Continuous Optimisation HT26, Quasi-Newton methods


Flashcards

@State an expression for approximating the Hessian from $n +1$ gradient evaluations.

You can determine the $i$th column via the approximation

\[[\nabla^2 f(x)]e^i \approx \frac 1 h \left[ \nabla f(x + he^i) - \nabla f(x) \right]\]

One way to approximate the Hessian via $n+1$ gradient evaluations is to do the following for each column:

\[[\nabla^2 f(x)]e^i \approx \frac 1 h \left[ \nabla f(x + he^i) - \nabla f(x) \right]\]

What is the problem with making $h$ too large or too small?

  • If $h$ is too large, you have inaccurate approximations
  • If $h$ is too small, you have numerical cancellation errors

In Newton’s method for optimisation, we require the Hessian $\nabla^2 f$. What is the idea behind secant approximations for computing $B^k \approx \nabla^2 f(x^k)$, and what are some things we should require about this matrix?

At the start of line search, choose some $B^0$ (e.g. $I$). After computing $s^k = -(B^k)^{-1} \nabla f(x^k)$ and $x^{k+1} = x^k + \alpha^k s^k$, compute an update $B^{k+1}$ of $B^k$ in terms of already computed quantities $\nabla f(x^{k+1})$, $\nabla f(x^k)$, $\nabla f(x^0)$, etc.

We would like:

  • $B^{k+1}$ should be symmetric, nonsingular and positive definite
  • $B^{k+1}$ should be close to $B^k$
  • $B^{k+1}$ should be cheap to compute
  • $B^k \to \nabla^2 f(x^k)$

In Newton’s method for optimisation, we require the Hessian $\nabla^2 f$. In quasi-Newton methods, we approximate $\nabla^2 f$ by some other matrix $B^k$. In this context, @state the secant equation.
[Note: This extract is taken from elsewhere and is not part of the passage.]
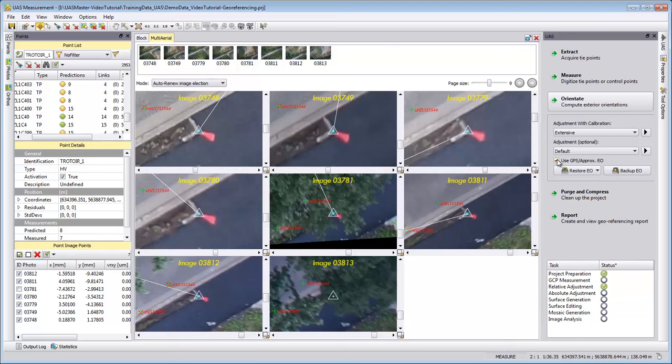But if you are aware that your GPS is not very good, then it's worth a try to run the adjustment with calibration even without your approximate GPS values in the adjustment.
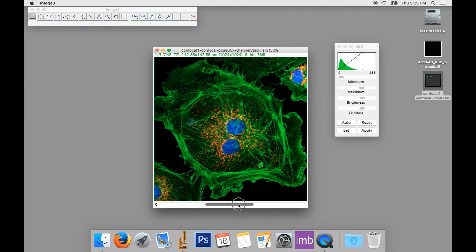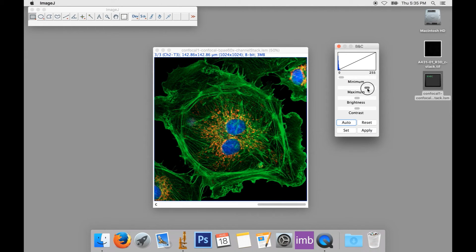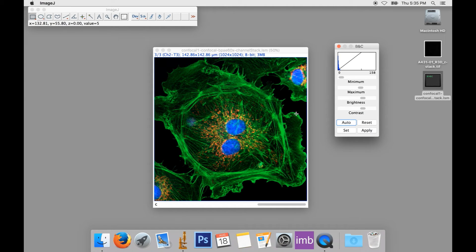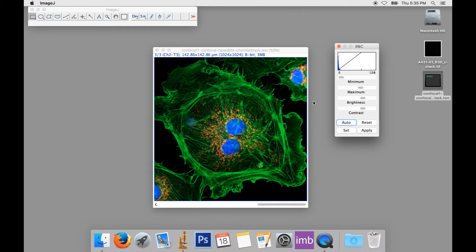And if I move to the blue, I can brighten up my blue channel as well. Now, notice that this image is not ready to print. If you want an image you can submit to a journal or use in a presentation, you'll need to follow the directions in the earlier tutorials in this series.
We choose $B^{k+1}$ such that

\[\gamma _ k := \nabla f(x^{k+1}) - \nabla f(x^k) = B^{k+1} (x^{k+1} - x^k) = B^{k+1} \alpha^k s^k\]

@exam~

In Newton’s method for optimisation, we require the Hessian $\nabla^2 f$. In quasi-Newton methods, we approximate $\nabla^2 f$ by some other matrix $B^k$. In this context the secant equation states we should choose $B^{k+1}$ such that

\[\gamma _ k := \nabla f(x^{k+1}) - \nabla f(x^k) = B^{k+1} (x^{k+1} - x^k) = B^{k+1} \alpha^k s^k\]

@Justify that this equation is satisfied by the Hessian when $f$ is a quadratic function.

Let $f(x) = g^\top x + \frac 1 2 x^\top H x$. Then $\nabla f(x) = Hx + g$ and $\nabla^2 f = H$. Thus $\nabla f(x^{k+1}) - \nabla f(x^k) = H(x^{k+1} - x^k)$ and hence the secant equation holds with $B^{k+1} := \nabla^2 f$.

In Newton’s method for optimisation, we require the Hessian $\nabla^2 f$. In quasi-Newton methods, we approximate $\nabla^2 f$ by some other matrix $B^k$. In this context the secant equation states we should choose $B^{k+1}$ such that

\[\gamma _ k := \nabla f(x^{k+1}) - \nabla f(x^k) = B^{k+1} (x^{k+1} - x^k) = B^{k+1} \alpha^k s^k\]

Can you give an intuitive interpretation of the secant equation?

We implicitly have the quadratic model

\[m(x^k + s) = f(x^k) + \nabla f(x^k)^\top s + \frac 1 2 s^\top B^k s\]

We want the quadratic model in the next iteration

\[m _ + (x^k + s) := f(x^k) + \nabla f(x^k)^\top s + \frac 1 2 s^\top B^{k+1} s\]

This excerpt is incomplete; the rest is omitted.